§ Exercise directions
The lines to print run from the top of the material below to the line with "Celine Beige Embroidered Long Sleeve Sweater", inclusive; please copy them exactly, without pictures.
Dataset entries START
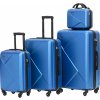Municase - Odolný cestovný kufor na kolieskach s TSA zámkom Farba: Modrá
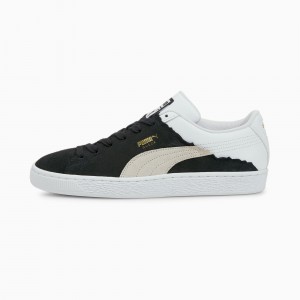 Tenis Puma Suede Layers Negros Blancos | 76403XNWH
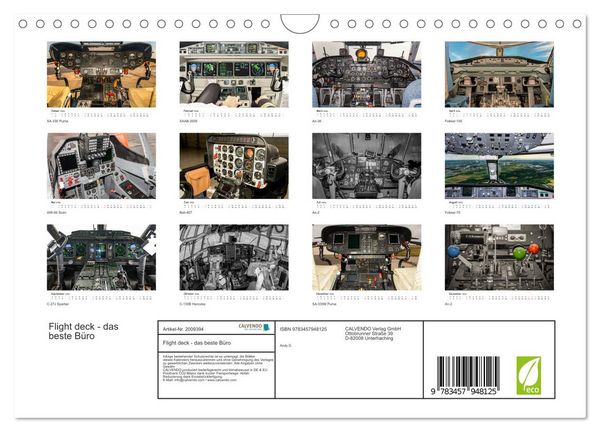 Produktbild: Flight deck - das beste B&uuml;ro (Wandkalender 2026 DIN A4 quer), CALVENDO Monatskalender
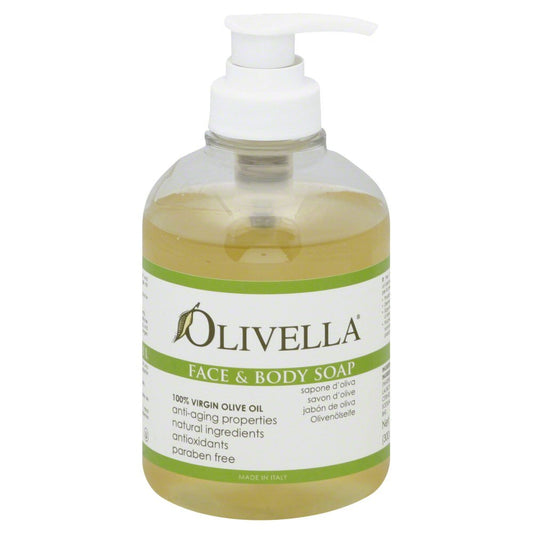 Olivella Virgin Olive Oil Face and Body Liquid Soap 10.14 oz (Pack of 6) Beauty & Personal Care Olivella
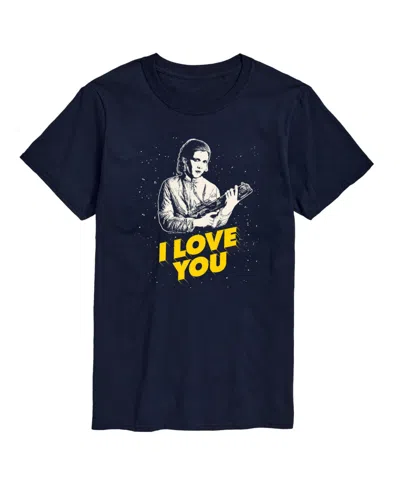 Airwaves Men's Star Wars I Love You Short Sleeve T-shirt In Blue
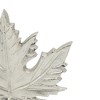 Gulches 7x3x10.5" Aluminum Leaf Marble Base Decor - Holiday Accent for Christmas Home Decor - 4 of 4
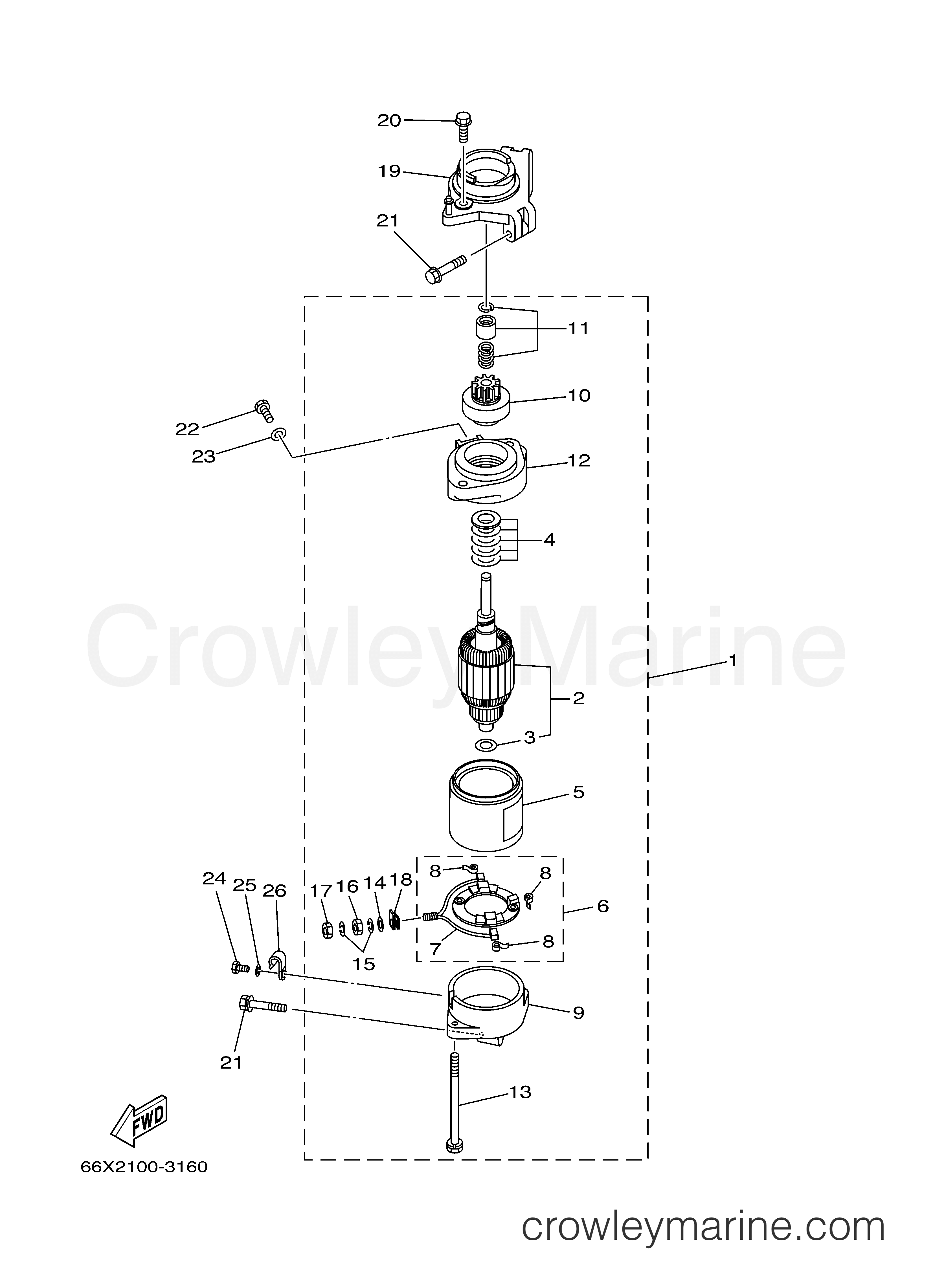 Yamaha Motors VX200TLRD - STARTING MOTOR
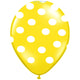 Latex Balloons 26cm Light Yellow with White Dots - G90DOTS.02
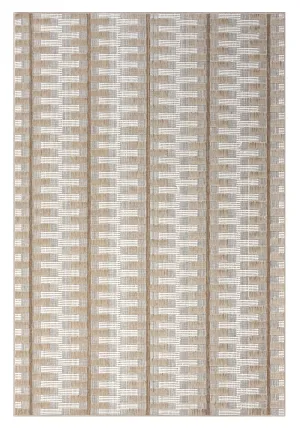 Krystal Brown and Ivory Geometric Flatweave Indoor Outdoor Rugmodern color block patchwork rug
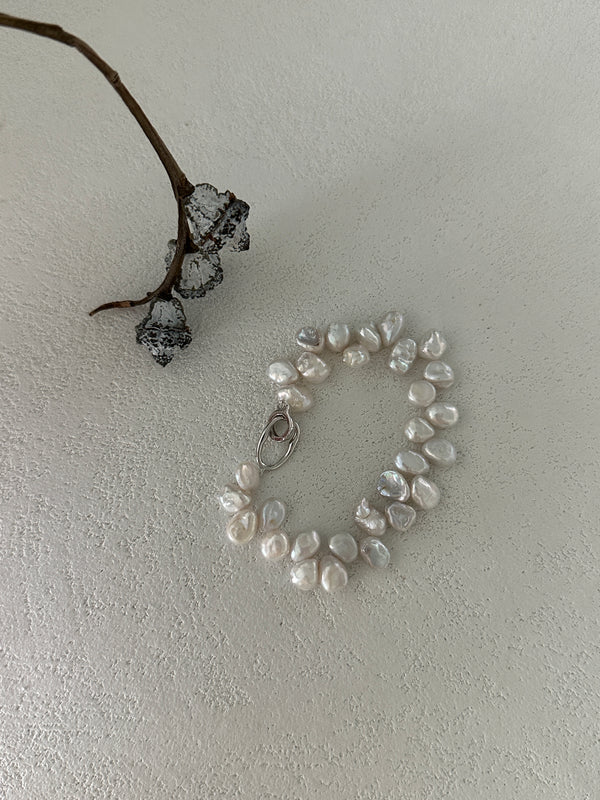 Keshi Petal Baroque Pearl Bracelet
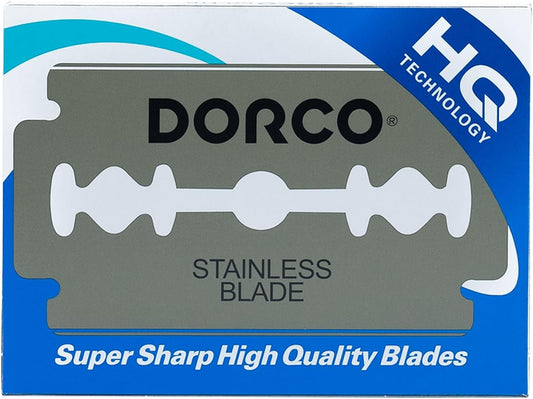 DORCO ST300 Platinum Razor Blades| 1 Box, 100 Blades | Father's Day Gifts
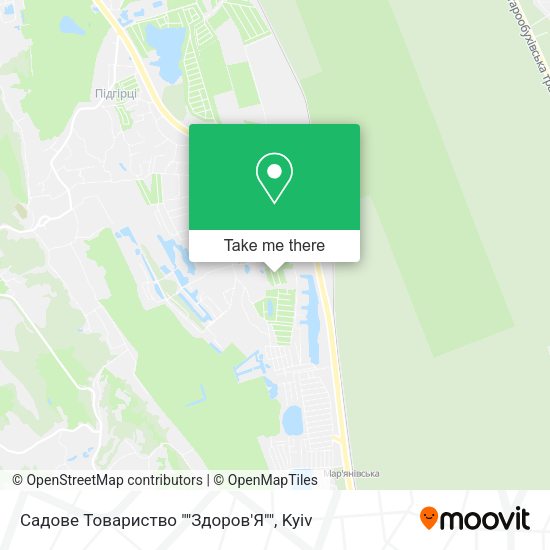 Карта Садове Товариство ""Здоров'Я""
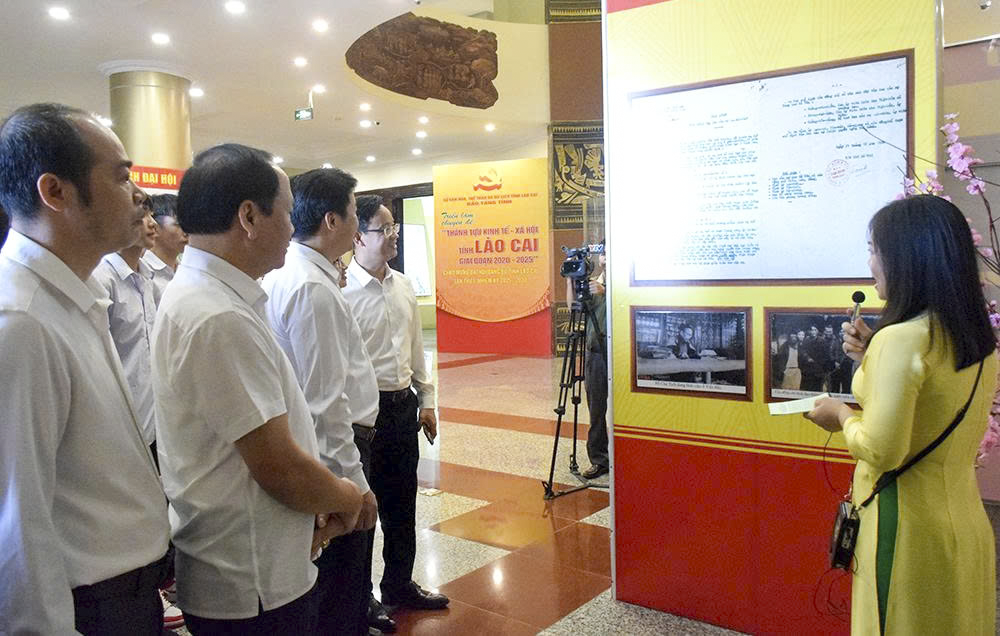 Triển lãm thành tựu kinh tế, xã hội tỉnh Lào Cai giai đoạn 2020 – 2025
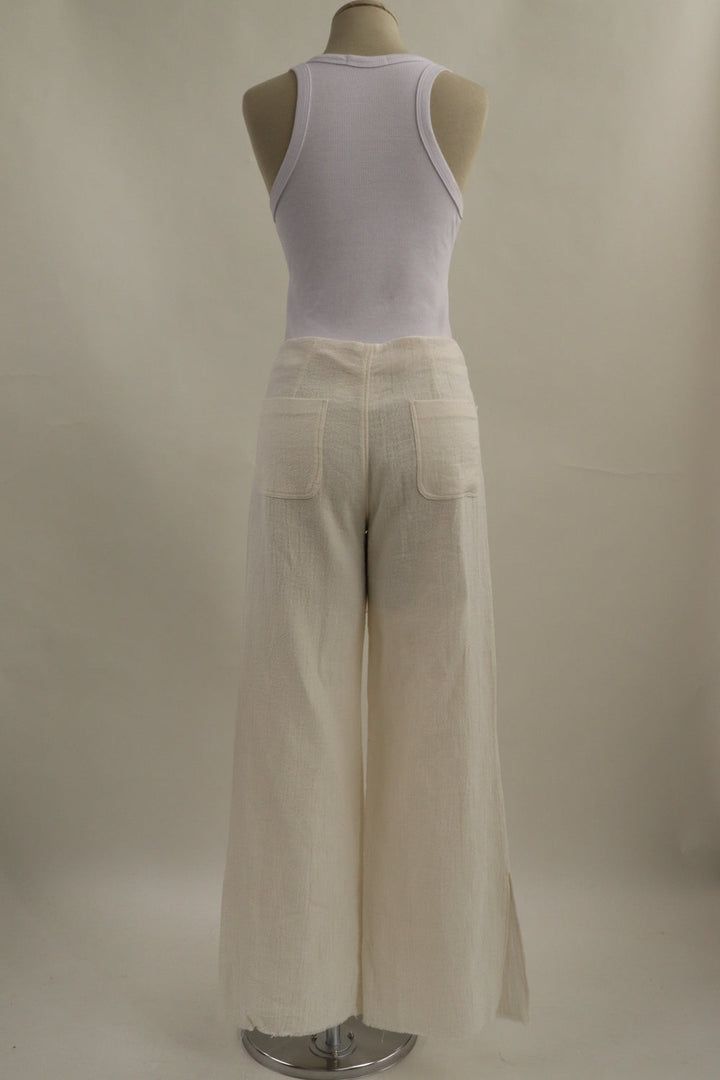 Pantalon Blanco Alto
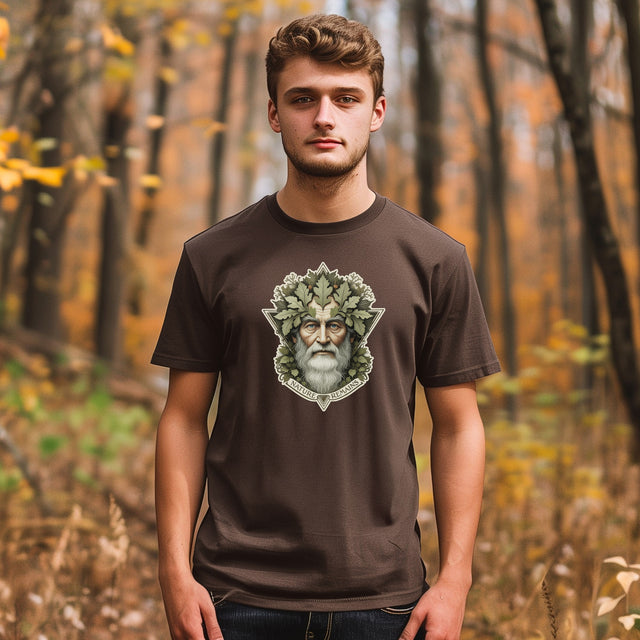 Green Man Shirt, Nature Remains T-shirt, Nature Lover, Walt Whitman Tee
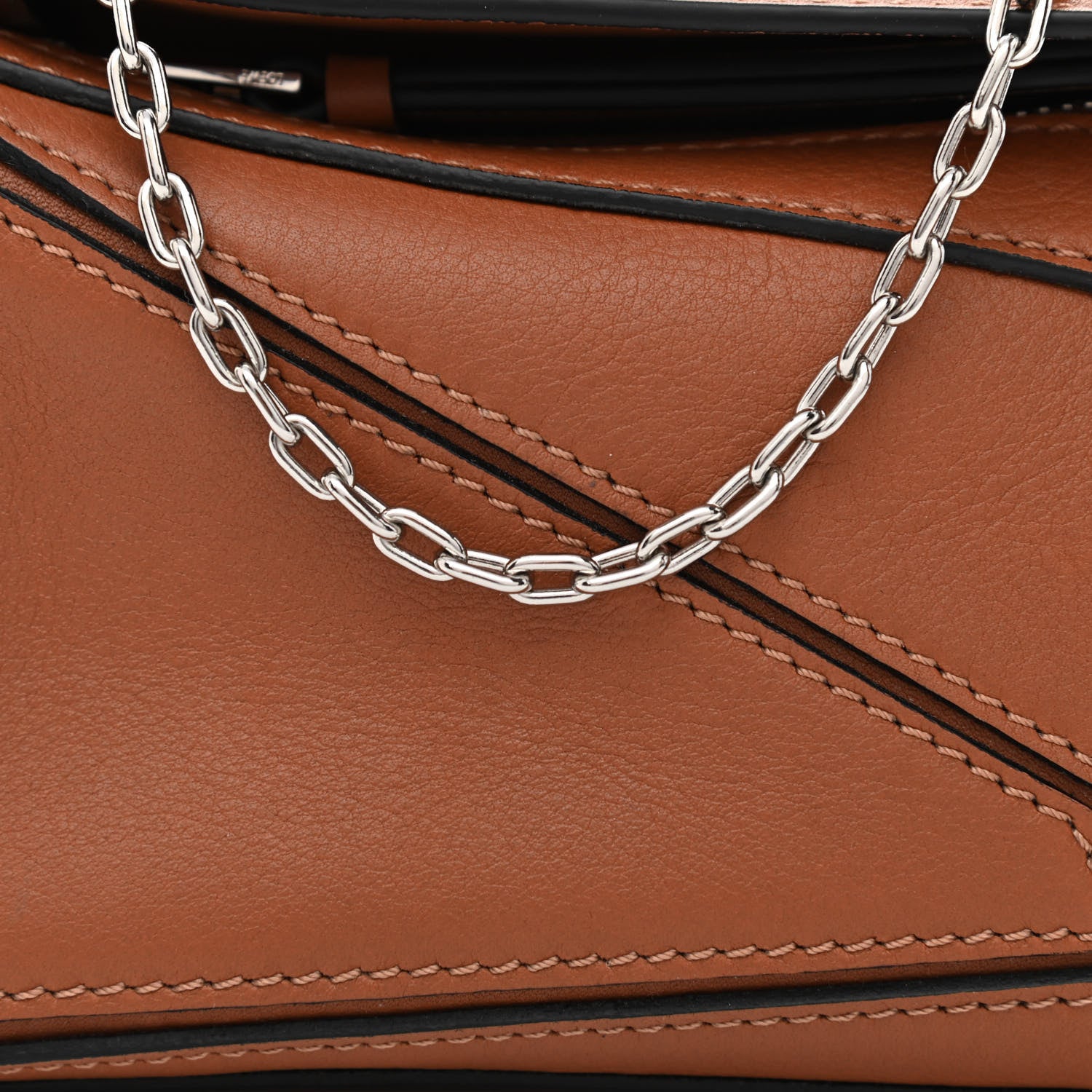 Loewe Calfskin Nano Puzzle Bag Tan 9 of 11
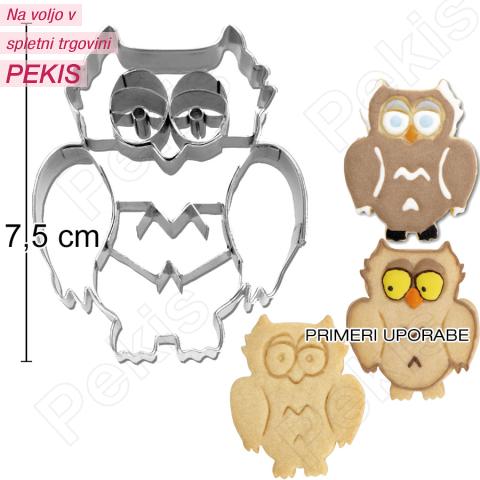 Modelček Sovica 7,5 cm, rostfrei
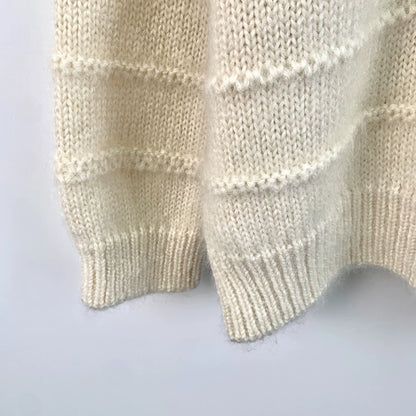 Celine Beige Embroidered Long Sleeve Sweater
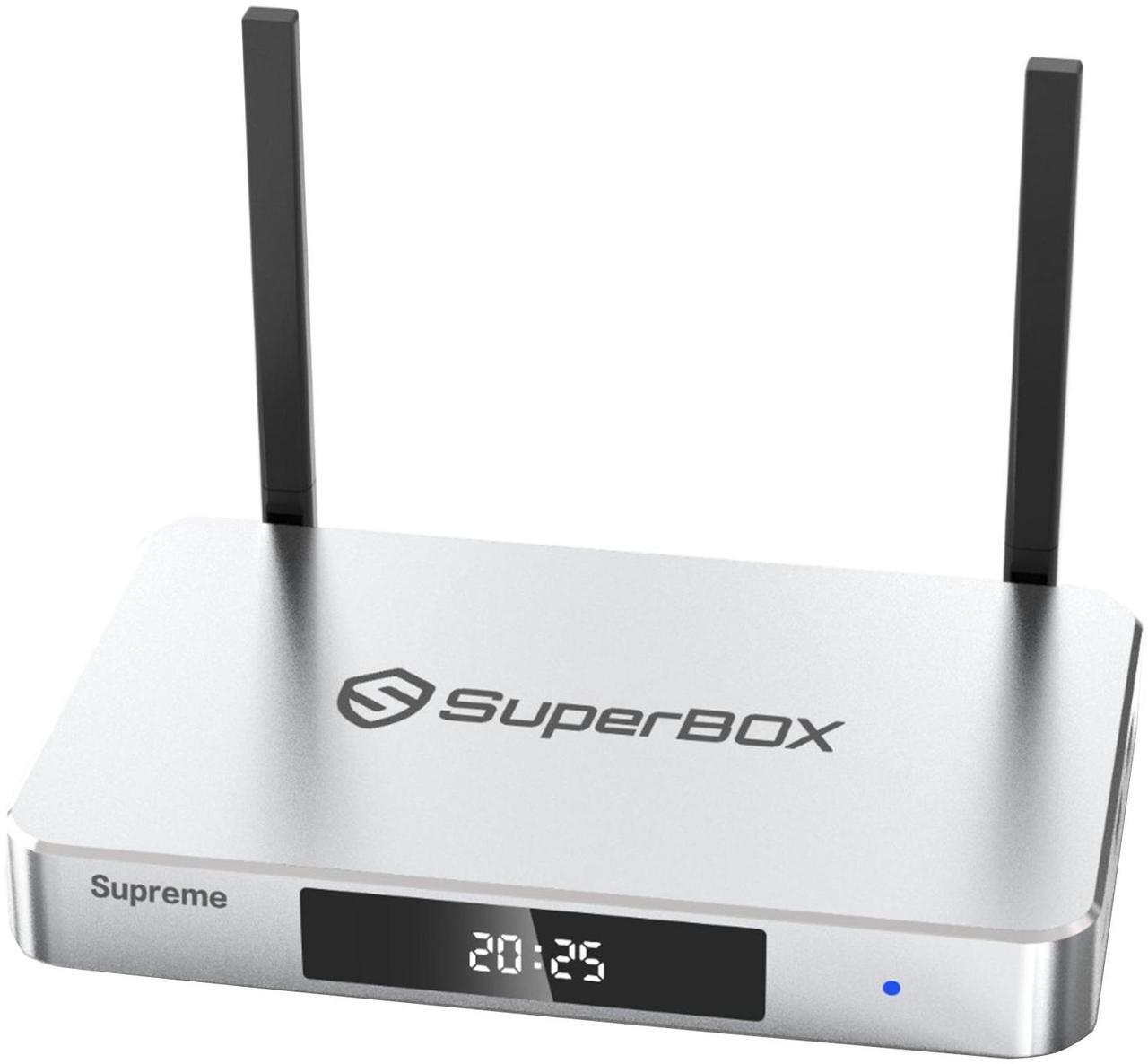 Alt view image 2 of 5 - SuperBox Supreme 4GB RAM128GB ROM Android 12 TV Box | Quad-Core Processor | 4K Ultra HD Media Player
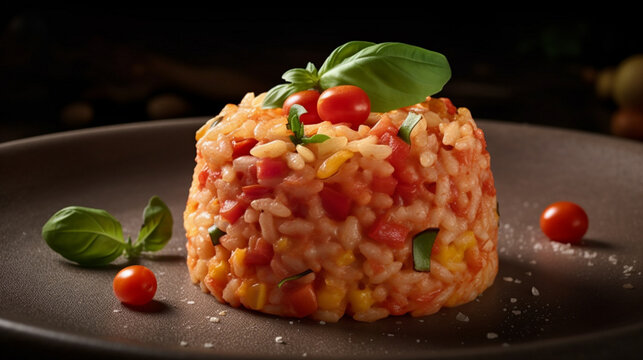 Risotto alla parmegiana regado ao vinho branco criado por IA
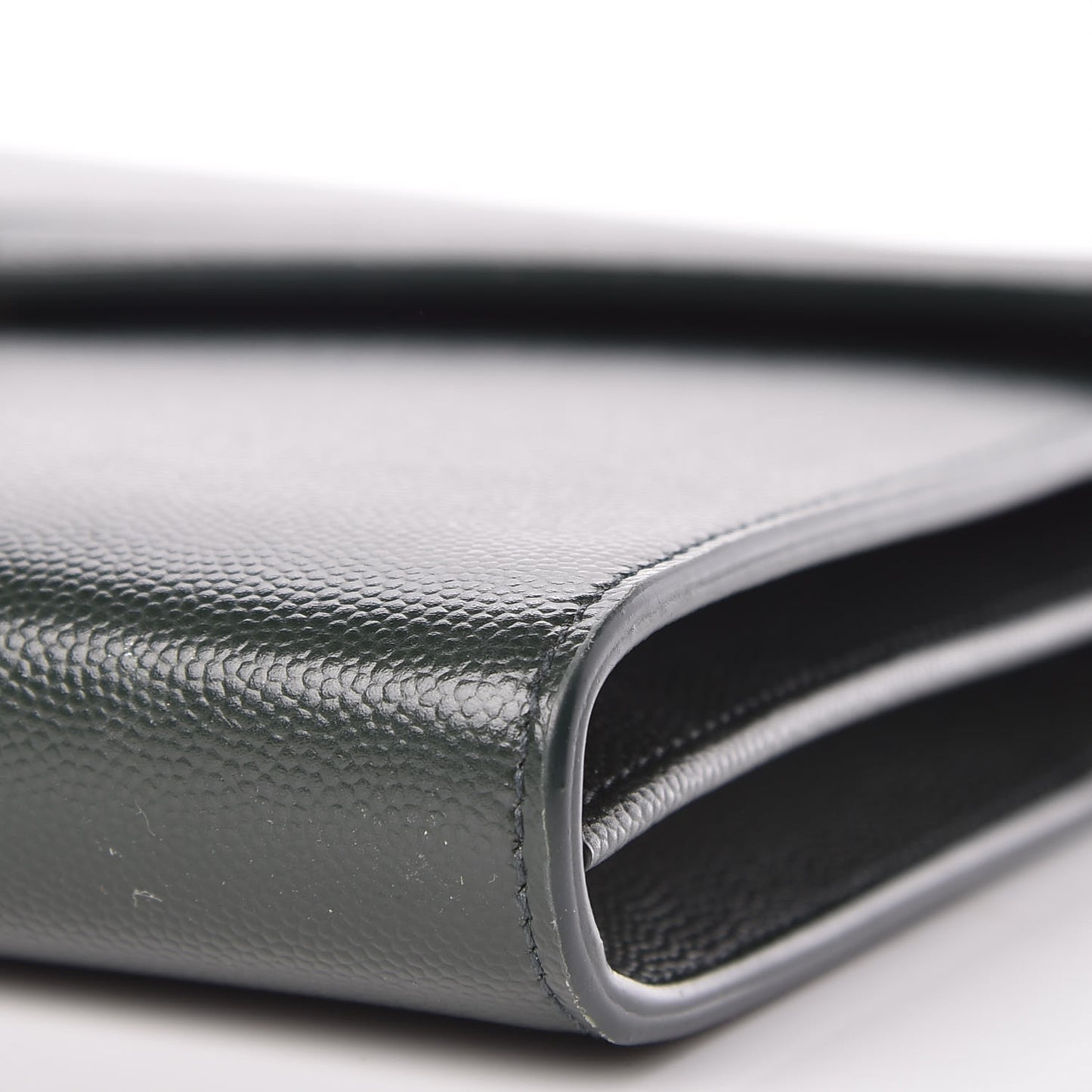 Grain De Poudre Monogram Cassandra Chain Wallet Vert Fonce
Dataset entries END
§ Answer for the task
Municase - Odolný cestovný kufor na kolieskach s TSA zámkom Farba: Modrá
 Tenis Puma Suede Layers Negros Blancos | 76403XNWH
 Produktbild: Flight deck - das beste B&uuml;ro (Wandkalender 2026 DIN A4 quer), CALVENDO Monatskalender
 Olivella Virgin Olive Oil Face and Body Liquid Soap 10.14 oz (Pack of 6) Beauty & Personal Care Olivella
 Airwaves Men's Star Wars I Love You Short Sleeve T-shirt In Blue
 Gulches 7x3x10.5" Aluminum Leaf Marble Base Decor - Holiday Accent for Christmas Home Decor - 4 of 4
 Yamaha Motors VX200TLRD - STARTING MOTOR
 Latex Balloons 26cm Light Yellow with White Dots - G90DOTS.02
 Krystal Brown and Ivory Geometric Flatweave Indoor Outdoor Rugmodern color block patchwork rug
 Keshi Petal Baroque Pearl Bracelet
 DORCO ST300 Platinum Razor Blades| 1 Box, 100 Blades | Father's Day Gifts
 Карта Садове Товариство ""Здоров'Я""
 Triển lãm thành tựu kinh tế, xã hội tỉnh Lào Cai giai đoạn 2020 – 2025
 Pantalon Blanco Alto
 Green Man Shirt, Nature Remains T-shirt, Nature Lover, Walt Whitman Tee
 Loewe Calfskin Nano Puzzle Bag Tan 9 of 11
 Modelček Sovica 7,5 cm, rostfrei
 Celine Beige Embroidered Long Sleeve Sweater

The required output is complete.